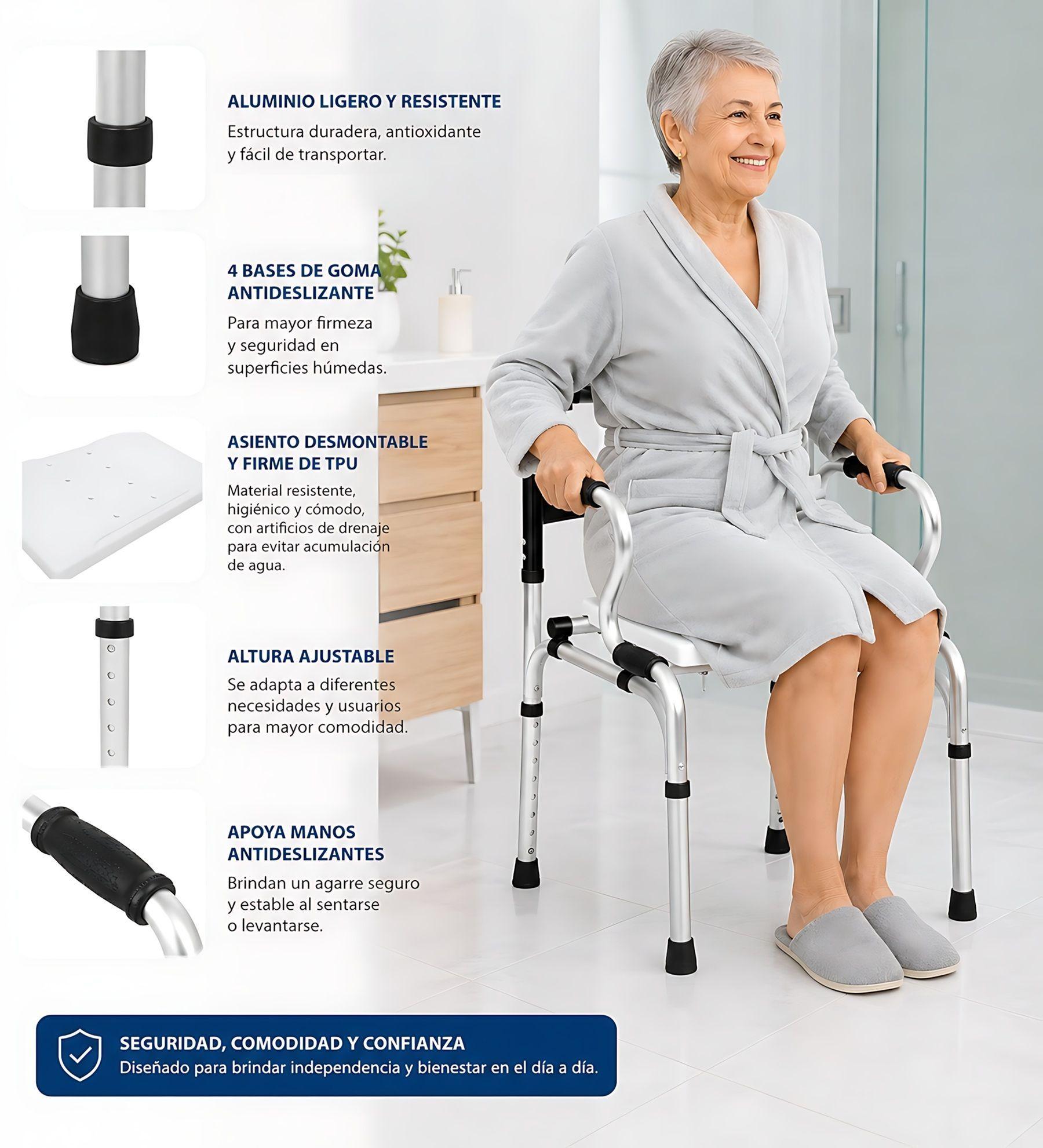 Andador Burrito Plegable 2 En 1 Silla De Ducha Portatil-5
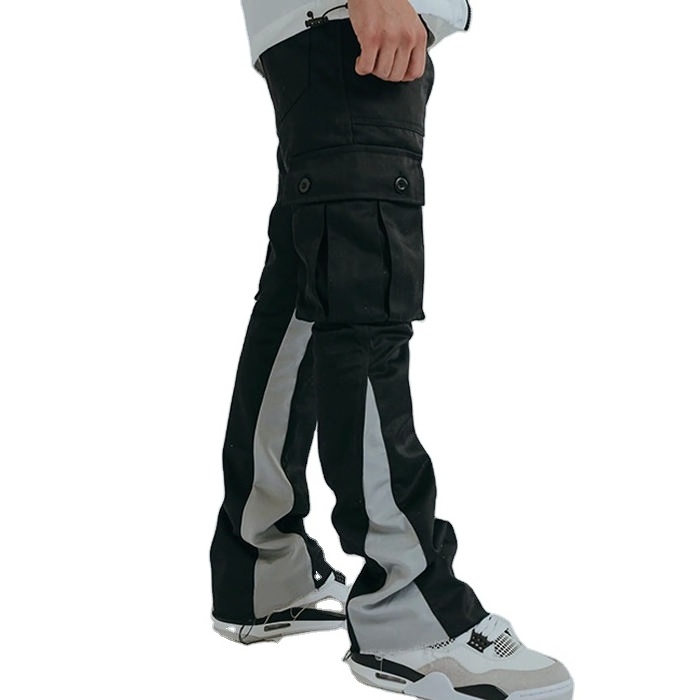 customized sweat pants blank jogger black trousers cargo sweatpants flared multi pocket patchwork baggy pants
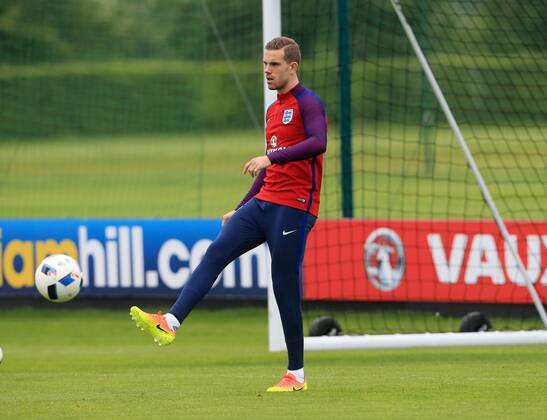 England s Jordan Henderson during a training session at Watford FC s Training Ground, London Colney. Picture date: June 01, 2016. Pic David Klein Sportimage EDITORIAL USE ONLY. No use with unauthorised audio, video, data, fixture lists, club league logos or live services. Online in-match use limited to 120 images, no video emulation. No use in betting, games or single club league player publications.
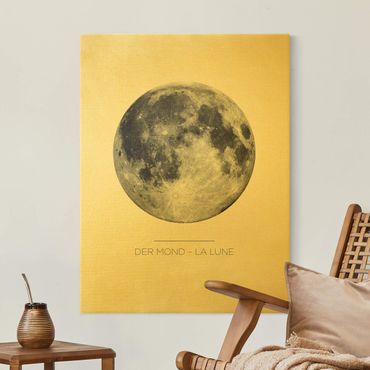 Canvas schilderijen - Goud The Moon - La Lune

======

Skipping all images, output the listing exactly.

 Andador Burrito Plegable 2 En 1 Silla De Ducha Portatil-5
 customized sweat pants blank jogger black trousers cargo sweatpants flared multi pocket patchwork baggy pants
 England s Jordan Henderson during a training session at Watford FC s Training Ground, London Colney. Picture date: June 01, 2016. Pic David Klein Sportimage EDITORIAL USE ONLY. No use with unauthorised audio, video, data, fixture lists, club league logos or live services. Online in-match use limited to 120 images, no video emulation. No use in betting, games or single club league player publications.
 Canvas schilderijen - Goud The Moon - La Lune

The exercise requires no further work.